# [PROBLEM REQUIREMENTS]
From the records below, transcribe only the lines running from the one with "Headshot photo Jonathan Terry" through the one with "LakeToya Hokkaido Hokkaido". Keep both of those end lines.

[Source data]
○ ○ ○
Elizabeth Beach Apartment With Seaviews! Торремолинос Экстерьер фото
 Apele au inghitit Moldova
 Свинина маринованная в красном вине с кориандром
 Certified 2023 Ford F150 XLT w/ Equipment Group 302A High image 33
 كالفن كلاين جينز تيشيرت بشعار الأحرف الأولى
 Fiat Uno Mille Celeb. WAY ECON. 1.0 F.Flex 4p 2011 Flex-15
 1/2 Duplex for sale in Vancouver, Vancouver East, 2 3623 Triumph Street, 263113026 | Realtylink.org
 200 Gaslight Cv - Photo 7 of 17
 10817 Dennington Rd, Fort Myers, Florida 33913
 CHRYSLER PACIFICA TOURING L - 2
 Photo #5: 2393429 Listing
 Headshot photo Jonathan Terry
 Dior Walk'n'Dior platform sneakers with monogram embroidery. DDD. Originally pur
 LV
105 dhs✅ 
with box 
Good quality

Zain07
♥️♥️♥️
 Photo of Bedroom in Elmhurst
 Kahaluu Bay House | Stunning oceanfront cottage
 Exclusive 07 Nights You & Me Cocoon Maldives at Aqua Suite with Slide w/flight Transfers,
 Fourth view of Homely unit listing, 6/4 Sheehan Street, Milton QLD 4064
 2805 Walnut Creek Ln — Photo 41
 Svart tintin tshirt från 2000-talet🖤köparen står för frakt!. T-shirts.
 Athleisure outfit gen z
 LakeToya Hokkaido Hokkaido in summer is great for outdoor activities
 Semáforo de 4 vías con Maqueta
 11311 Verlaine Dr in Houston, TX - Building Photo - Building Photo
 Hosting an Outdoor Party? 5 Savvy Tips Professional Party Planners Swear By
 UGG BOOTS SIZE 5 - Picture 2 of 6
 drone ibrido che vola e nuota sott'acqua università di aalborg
○ ○ ○
# [TASK ANSWER]
 Headshot photo Jonathan Terry
 Dior Walk'n'Dior platform sneakers with monogram embroidery. DDD. Originally pur
 LV
105 dhs✅ 
with box 
Good quality

Zain07
♥️♥️♥️
 Photo of Bedroom in Elmhurst
 Kahaluu Bay House | Stunning oceanfront cottage
 Exclusive 07 Nights You & Me Cocoon Maldives at Aqua Suite with Slide w/flight Transfers,
 Fourth view of Homely unit listing, 6/4 Sheehan Street, Milton QLD 4064
 2805 Walnut Creek Ln — Photo 41
 Svart tintin tshirt från 2000-talet🖤köparen står för frakt!. T-shirts.
 Athleisure outfit gen z
 LakeToya Hokkaido Hokkaido in summer is great for outdoor activities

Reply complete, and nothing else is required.